私は少しも心配しておりません。私は皆さん方のどなたよりも永く生きてまいりました。その間に見聞し理解したことによって私は、無限なる叡智と愛をもって全星雲、全天体を包摂する大宇宙機構を考案した大霊に対して、大いなる崇高と畏敬と感嘆の念を禁じ得ないのです。

すべての人間、すべての事柄が自然の摂理によって規制されております。それには手落ちと言うものがなく、数学的正確さをもって働き、絶対に間違いを犯しません。宇宙間のありとあらゆる存在がその中に包摂されていますから、何一つ、誰一人として排除されたり忘れ去られたり無視されたりすることがないのです。

壮大な物から微細なものに至るまで、単純な物から複雑なものに至るまで、あらゆる存在を自然の摂理が支配し支え規制しているのです。

地上での人間の行為にも規制と言うものがあります。その自然の規制に背いたことは出来ません。人間が為しうる害悪と破壊の程度にも、その制約による限界が設けられているのです。

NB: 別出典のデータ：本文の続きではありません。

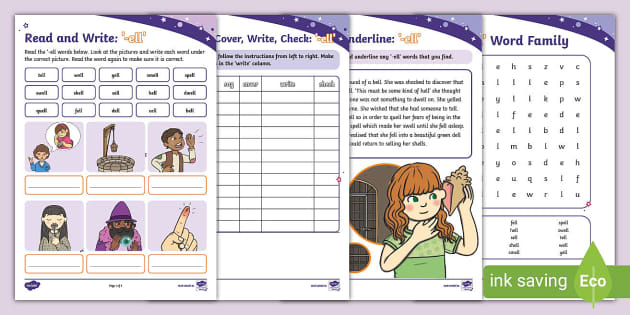ell word family worksheet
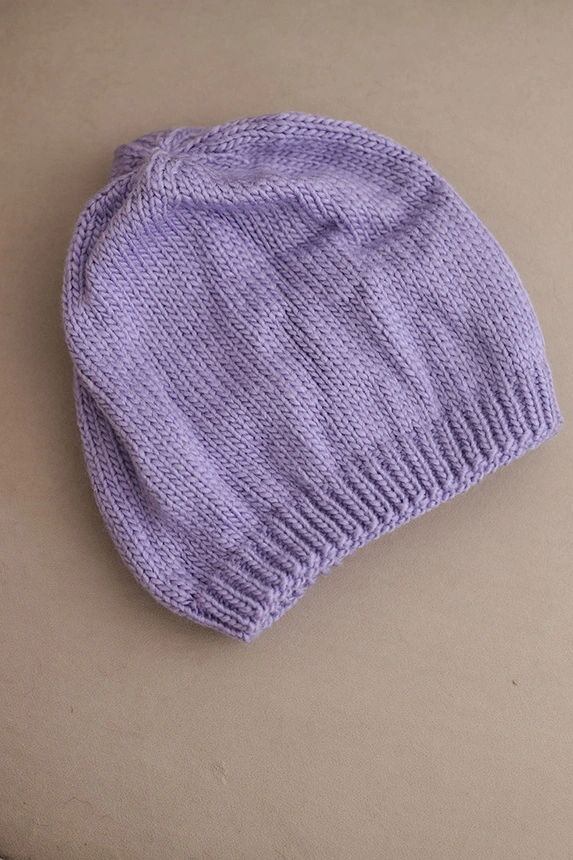 Women's winter hat with ears and ribbed knit K440 purple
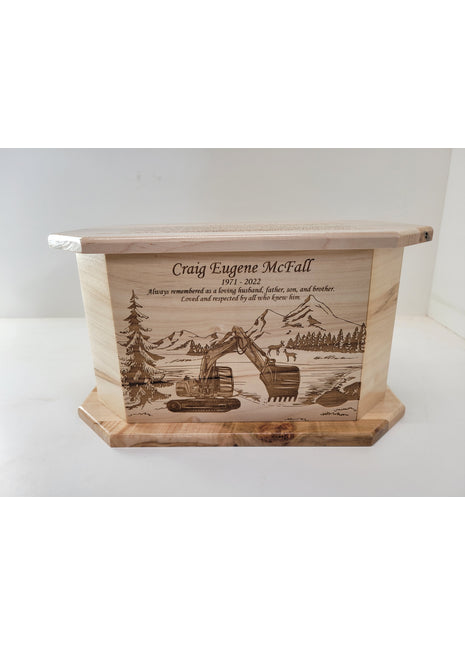 Trackhoe Driver Mountain Construction Urn Add Text, Personalized Handmade Custom Wood Laser Engraved Memorial Urn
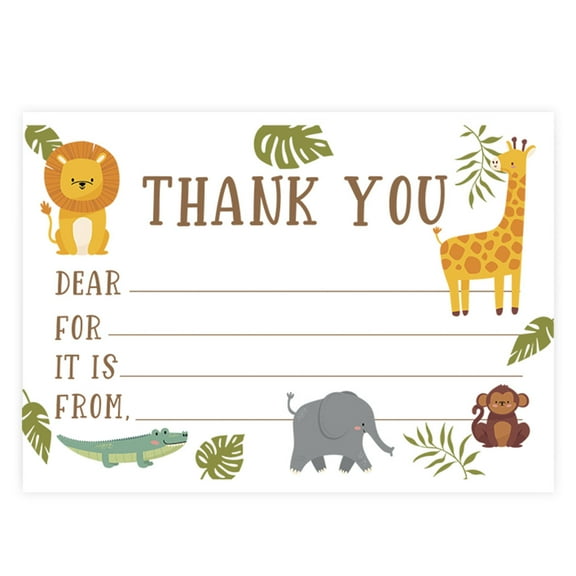 Koyal Wholesale Kids Fill in the Blank Thank You Cards 20 Cards Including Envelopes Safari Jungle Animals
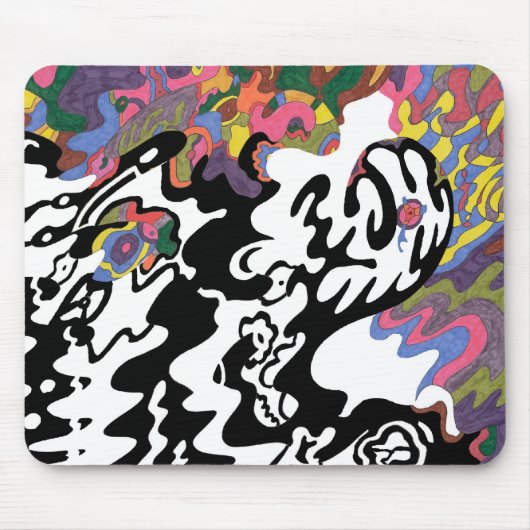 Tapis De Souris "Invasion" Art Abstrait (Devant)
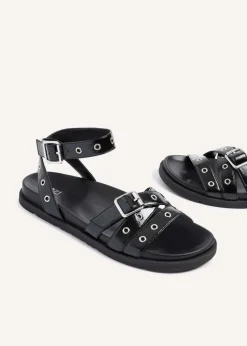 Linzi Huxley Black Faux Patent Eyelet Detailed Two Part Sandal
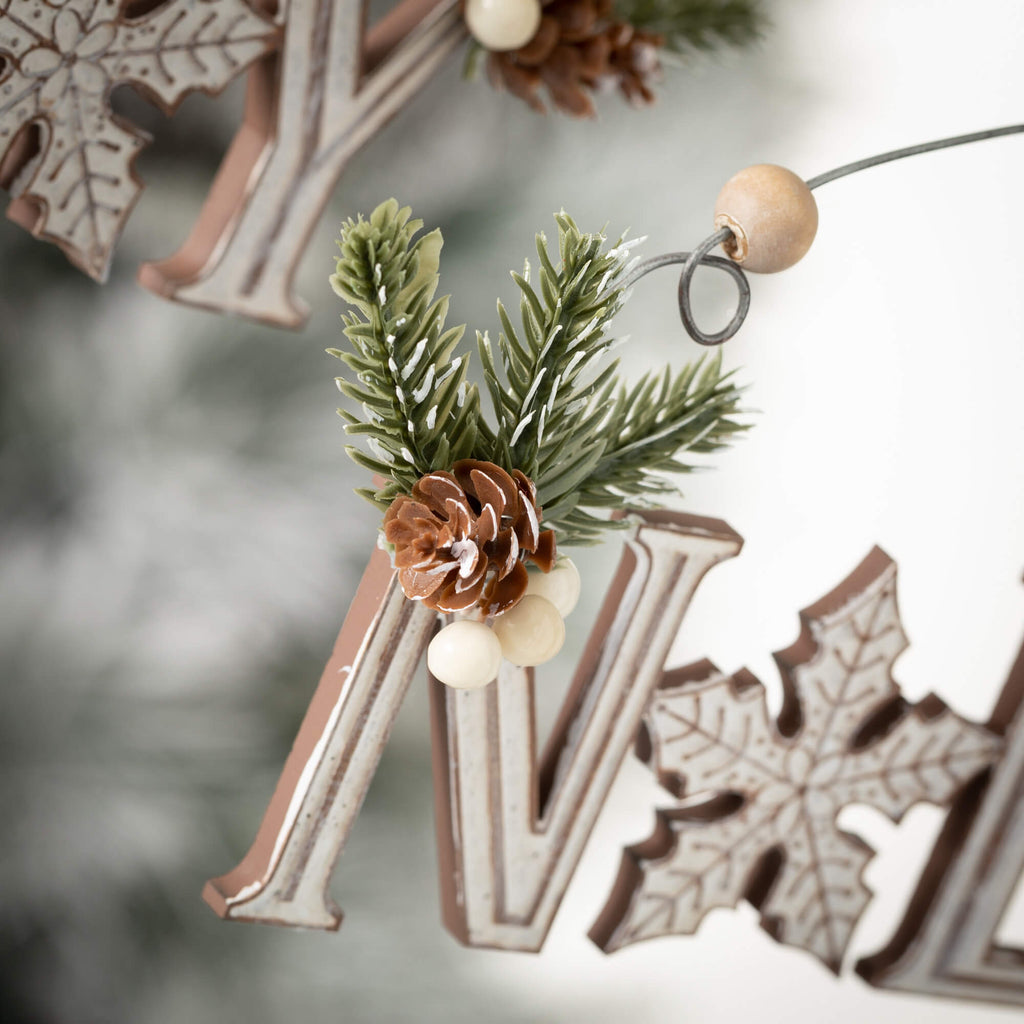 Wood Noel And Joy Ornament Set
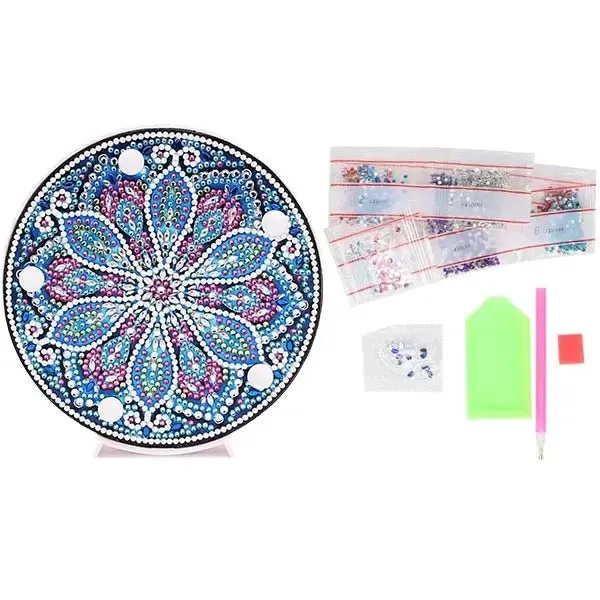 Figured'Art Diamond Painting Bloem Mandala LED-lamp 15 cm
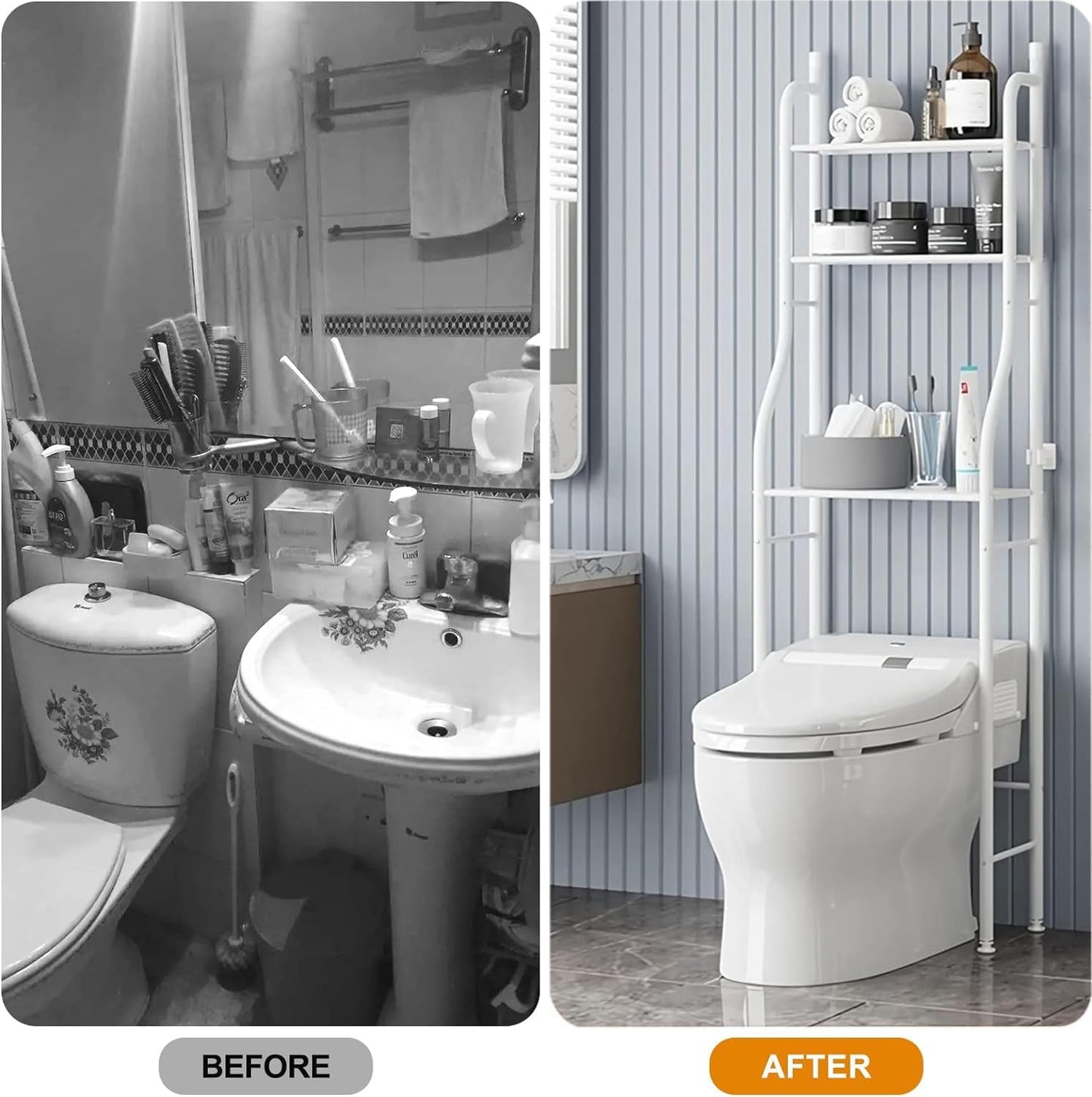 Carla Home 3 Tier Over The Toilet Storage Rack With Hooks & Paper Holder For Bathroom Laundry Room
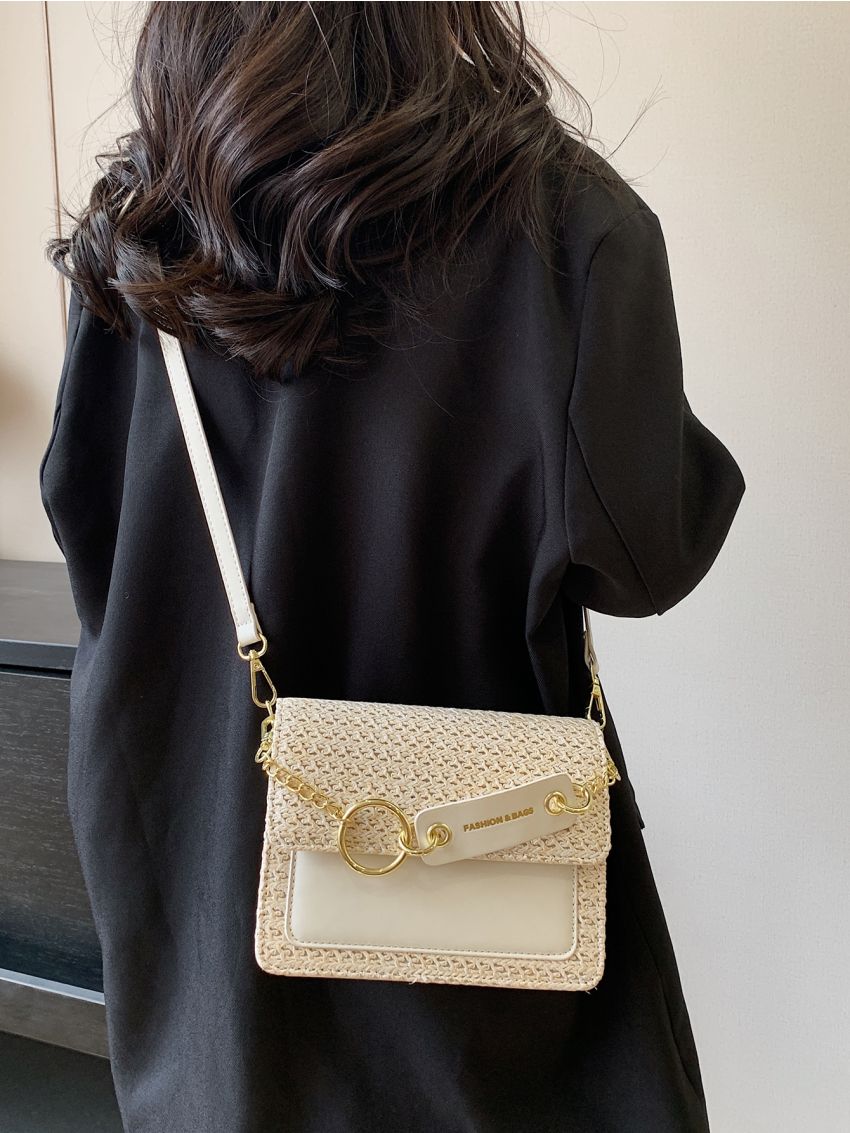 Mini Flap Straw Bag Letter Patch & Chain Decor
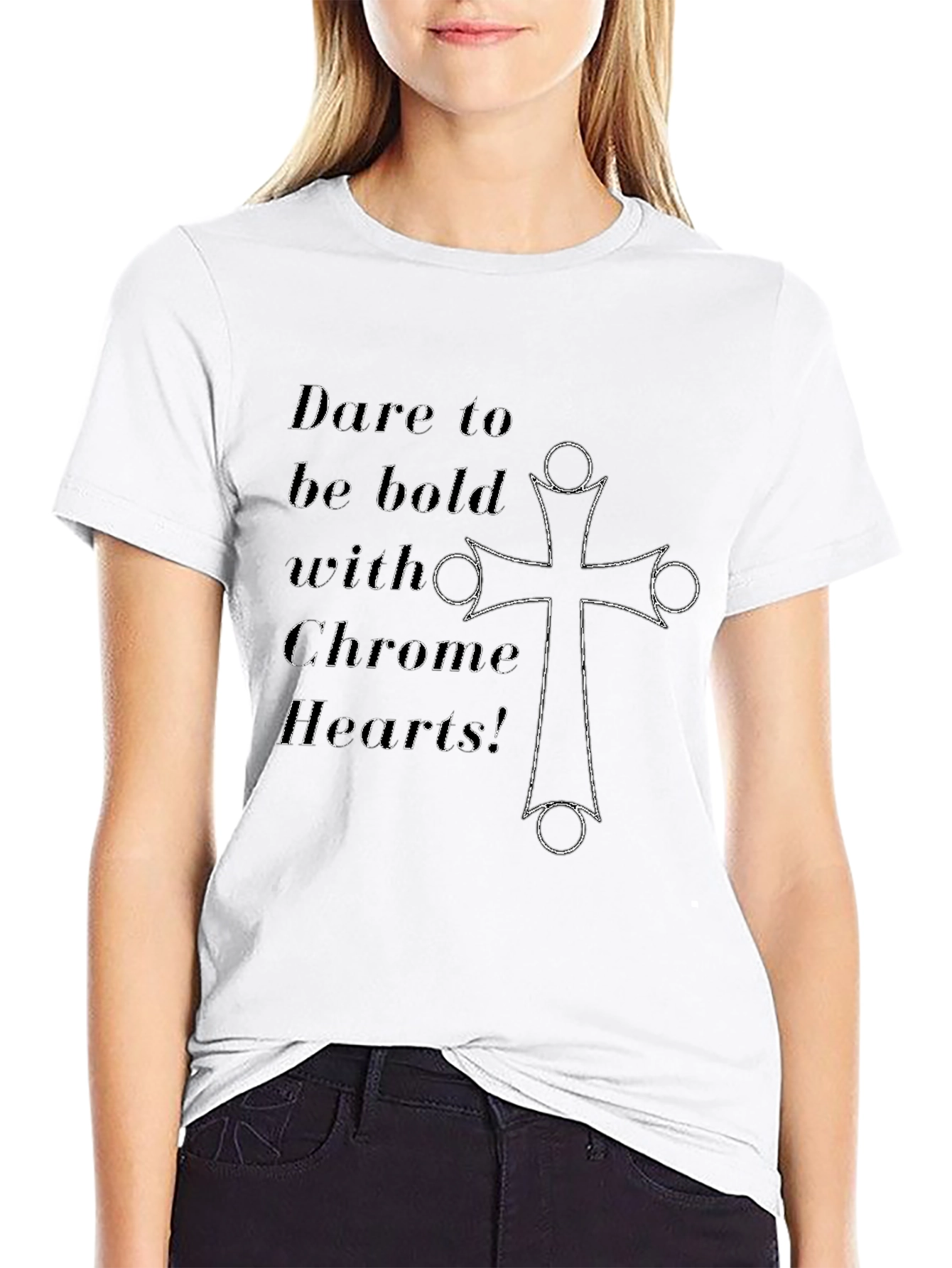 Dare to Be Bold Chrome Hearts Black T-Shirt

そういう次第で私は楽観主義者であり、悲観的考えは持ち合わせません。今おっしゃった実験は軍事的な利用価値を検討するものですが、それによっていかなる害悪がもたらされようと、他方において科学的技術その他あらゆる力を駆使して人類に恩恵をもたらさらんとしている人達によってもたらされる利益の方が大です。

心配してはいけません。心配の念はろくなものをもたらしません。心配の念は魂を蝕みます。心配の念は精神も錆びつかせます。心配の念は折角の霊的援助の通路を塞いでしまいます。地球を始めとして宇宙間のあらゆる天体の責任者は大霊なのです。いつかは善が悪を駆逐します。

・・・するとあなたは、心霊能力が邪悪に使用される可能性があることは否定なさらないわけですね。

大霊はあなた方人間をロボットや操り人形になさりませんでした。一定範囲内の自由意思、選択の自由を与えて下さっています。が、それにも制約があり、限度があります。その摂理に背いたことはできません。
心霊能力と言うものを持ち合わせる以上は、それを悪用しようと思えば出来ないことはありません。ただし、それには責任が伴います。いかなる知識もそれ相当の責任と言うものが付加されずして手に入れることはできません。